- Task statement -
Copy task for the material below: print the line with "Moe's Home Clara" and every line after it to the end, exactly as written, without the pictures.

- Dataset extract -
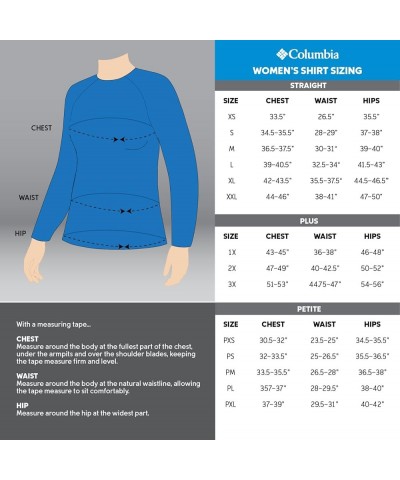 Women's Super Tidal Tee Long Sleeve Opal Blue, Pfg Gradient $22.24 Activewear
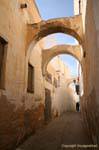 Arcades, Kairouan, Tunisie.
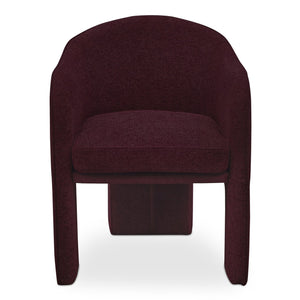 Moe's Home Clara Dining Chair - Elegantly Upholstered Comfort With Durable Materials For Stylish Dining Spaces Purple 100% Polystery,Iron Frame Eh-1116-38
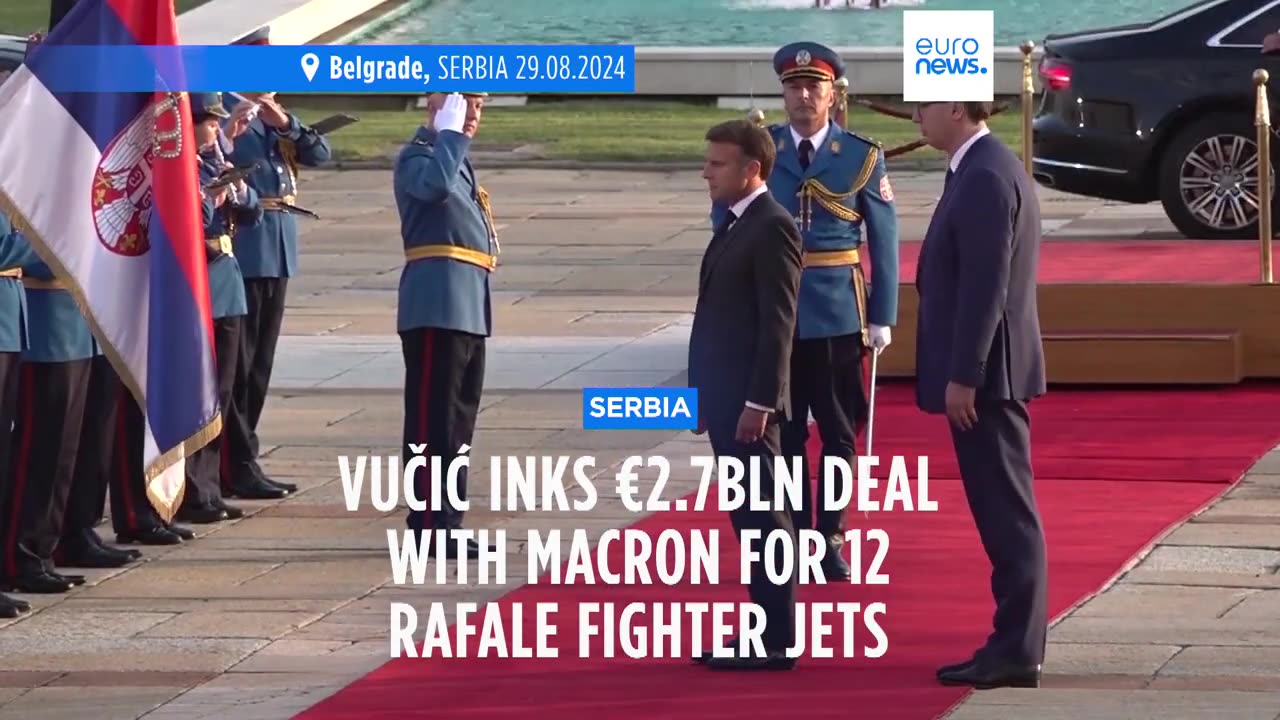 Serbia inks €2.7bln deal with France for 12 Rafale fighter jets in move away from Russia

- Result below -
 Moe's Home Clara Dining Chair - Elegantly Upholstered Comfort With Durable Materials For Stylish Dining Spaces Purple 100% Polystery,Iron Frame Eh-1116-38
 Serbia inks €2.7bln deal with France for 12 Rafale fighter jets in move away from Russia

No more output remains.